I decided to get Jake (a rescue) about six months after I lost Marty. He and I had been together for over 12 years. During my grieving, I realized that I am a dog person. I really like having canine companionship. I knew I would end up with another dog. I had grown up with dogs but I spent most of my 20’s dogless. This time, I knew I wouldn’t be without a dog for long.
It was an easy decision to get Jake and keep doing what I had grown accustomed to doing (getting vet coverage, paying for flea and heartworm treatments, grooming, daily walks, finding a sitter when I would be out late or out of town….)
It wasn’t so easy when I decided to get Marty. Getting a dog after going so long without one, I knew would be challenging. My lifestyle would have to change. No more getting up and rushing out the door for work in 15 minutes flat. He would require my time, my money, and my care (he can’t feed and groom himself). I would do all of that in exchange for his love, his loyalty and a belly full of laughs.
When I got Marty he was 2 years old, trained and housebroken. A family was moving to another state and decided not to take him with them. I got him just before the shelter did. Together we traipsed across the country and back. I had to find dog-friendly hotels along the way. In addition to packing my stuff, I made sure I had water and food for him during our long drives.
You see, a canine (or feline) is work. It is fun work. It is rewarding work but make no doubt about it, it is work! I have a neighbor who got a dog because his 3-year old wanted one. This Chihuahua (not a dog bred for the outdoors) is outside, barking incessantly 24-hours a day. If the temperature dips below freezing, they put her in the garage.
A decision to get a dog, like any other change in your lifestyle, shouldn’t be made lightly or on a whim.
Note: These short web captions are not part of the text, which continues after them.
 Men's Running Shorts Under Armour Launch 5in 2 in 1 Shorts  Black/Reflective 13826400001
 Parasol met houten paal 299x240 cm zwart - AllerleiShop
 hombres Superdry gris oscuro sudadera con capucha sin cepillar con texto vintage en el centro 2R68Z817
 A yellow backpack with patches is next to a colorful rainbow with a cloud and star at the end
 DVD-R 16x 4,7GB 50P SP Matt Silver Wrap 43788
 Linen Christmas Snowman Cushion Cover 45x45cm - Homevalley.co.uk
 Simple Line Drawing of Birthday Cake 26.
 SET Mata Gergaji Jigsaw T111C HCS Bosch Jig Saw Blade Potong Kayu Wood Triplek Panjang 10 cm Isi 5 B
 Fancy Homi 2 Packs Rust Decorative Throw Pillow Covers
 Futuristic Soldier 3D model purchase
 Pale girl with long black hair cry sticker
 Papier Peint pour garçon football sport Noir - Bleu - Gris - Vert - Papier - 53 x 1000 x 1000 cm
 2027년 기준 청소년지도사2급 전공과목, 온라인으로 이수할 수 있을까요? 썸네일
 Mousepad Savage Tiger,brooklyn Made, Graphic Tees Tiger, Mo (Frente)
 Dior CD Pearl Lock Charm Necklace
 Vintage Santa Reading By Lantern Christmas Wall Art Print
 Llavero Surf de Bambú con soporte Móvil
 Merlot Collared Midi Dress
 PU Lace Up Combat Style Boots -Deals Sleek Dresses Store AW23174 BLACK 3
It takes thought and planning. By the time Marty (and Jake) walked through my door, they had health care, quality food (in cute bowls), a tag with their name on the front and my contact information on the back (also cute). I knew how dog expenses would fit into my budget. I knew how my morning and evening routines would change. I had someone on standby to take care of him if something came up.
These dogs had found their forever homes and there was no turning back. I held Marty when he was scared of thunderstorms. I cared for him when he was diagnosed with Cushings and needed expensive medicine and to be quarantined in the kitchen because he would have accidents. A few months ago, Jake was diagnosed with epilepsy. I cared for him when he’d had seizures and now I give him his medicines twice a day.
I would never compare pet ownership to marriage or childrearing. But I will say when it comes to any life-altering decision, it is essential to take the time and make the effort to think it through. You choose a restaurant on a whim, not a pet, partner or the decision to be a parent.
As for me and my current Puppy Prince, I am looking forward to years of laughter and love with Jake.